◆ Data below ◆
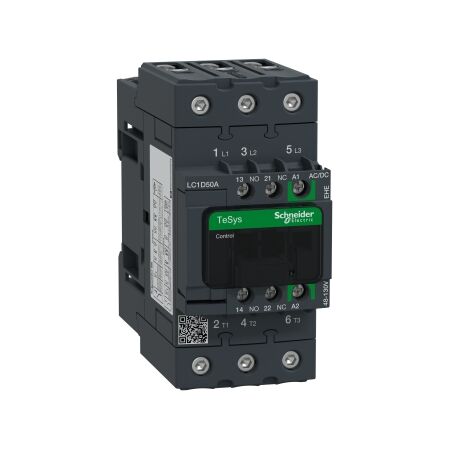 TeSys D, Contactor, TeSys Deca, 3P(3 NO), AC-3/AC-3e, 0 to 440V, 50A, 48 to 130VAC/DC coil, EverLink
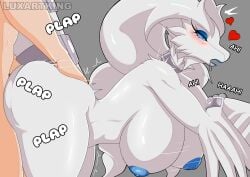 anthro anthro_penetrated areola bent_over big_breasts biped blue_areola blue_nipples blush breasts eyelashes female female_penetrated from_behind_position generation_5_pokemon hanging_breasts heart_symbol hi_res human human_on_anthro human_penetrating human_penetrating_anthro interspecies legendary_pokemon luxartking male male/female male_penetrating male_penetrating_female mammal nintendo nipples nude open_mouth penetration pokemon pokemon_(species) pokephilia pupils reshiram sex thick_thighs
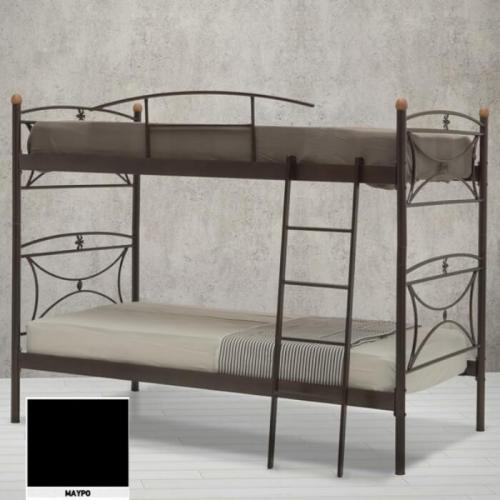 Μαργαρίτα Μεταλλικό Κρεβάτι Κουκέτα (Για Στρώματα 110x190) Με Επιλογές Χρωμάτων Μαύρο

◆ Exercise aim ◆
Excluding all images, transcribe the material word for word.

◆ Output of the exercise ◆
 TeSys D, Contactor, TeSys Deca, 3P(3 NO), AC-3/AC-3e, 0 to 440V, 50A, 48 to 130VAC/DC coil, EverLink
 anthro anthro_penetrated areola bent_over big_breasts biped blue_areola blue_nipples blush breasts eyelashes female female_penetrated from_behind_position generation_5_pokemon hanging_breasts heart_symbol hi_res human human_on_anthro human_penetrating human_penetrating_anthro interspecies legendary_pokemon luxartking male male/female male_penetrating male_penetrating_female mammal nintendo nipples nude open_mouth penetration pokemon pokemon_(species) pokephilia pupils reshiram sex thick_thighs
 Μαργαρίτα Μεταλλικό Κρεβάτι Κουκέτα (Για Στρώματα 110x190) Με Επιλογές Χρωμάτων Μαύρο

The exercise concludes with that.